U.K. net also wrestles 'ER' from BSkyB
LONDON — Channel 4 has grabbed “Friends” and “ER” back from BSkyB in a three-year deal with Warner Bros. Intl. TV, reportedly worth $200 million.
The terrestrial web outbid the satcaster for U.K. pay TV rights to three seasons from 2001, as well as renewing its existing free TV deal for the two shows. It also picked up a package of other Warner programs.
C4 is likely to use “Friends” and “ER” as the backbone for a new digital pay channel, dubbed E4, which is on the drawing board for launch next year.
But C4 may yet decide to sell the pay TV rights to BSkyB instead. Discussions are currently under way between the two broadcasters about the future of the Warner shows.
“Friends” and “ER” first aired in the U.K. on C4. But since 1996, the rights have been split between BSkyB and C4, with the shows premiering on Sky One before moving to C4 for their terrestrial run. “Friends” is among the top-rated shows on both networks, while “ER” also pulls in solid audiences.
The new all-rights deal with C4 starts in 2001, and covers the seventh, eighth and ninth seasons of “Friends.” The sixth season of “Friends” is currently airing in the U.S., and will get its U.K. premiere on Sky One in January.

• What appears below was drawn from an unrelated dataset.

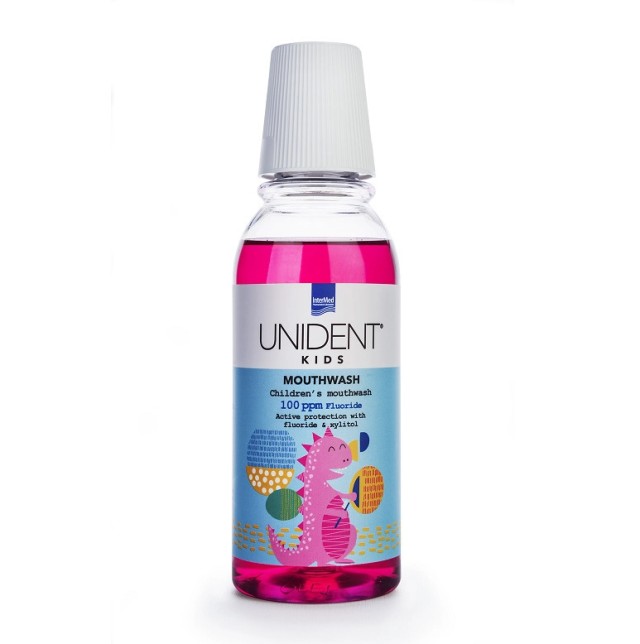 Intermed Unident Kids Mouthwash 100ppm με Γεύση Τσιχλόφουσκα 250ml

Jeffrey Schlesinger, president of WBITV, said, “The sale of the pay and free TV rights together is a reflection of the changing landscape of the television media in the U.K. It was very clear to us that the greatest value for ‘Friends’ could be obtained by offering a broadcaster the ability to control exposure and windows of this very valuable franchise.”
Michael Jackson, chief exec of Channel 4, commented, “Warner Bros offered us the ability to acquire terrestrial and pay rights as a single package, and so we have struck a deal that protects the money and effort we have invested in making these shows some of U.K. television’s most sought-after properties.”
BSkyB rushed to downplay its rare defeat in the bidding war. Elisabeth Murdoch, managing director of Sky Networks, said, “We simply felt that $200 million was too high for an acquired series that, by 2003, is set to enter its ninth season and is not firmly exclusive to any one broadcaster.”
While pointing out that Sky may yet buy the rights for future series from C4, Murdoch claimed that her priority is now to “put money into the British creative community and develop new exclusive British franchises.”
James Baker, general manager of Sky One, added, “The money we have freed up by this move will help us build on Sky One’s winning mix of the best original U.K. and first-run U.S. programs.”
A Warner spokesman declined comment on the value of the deal.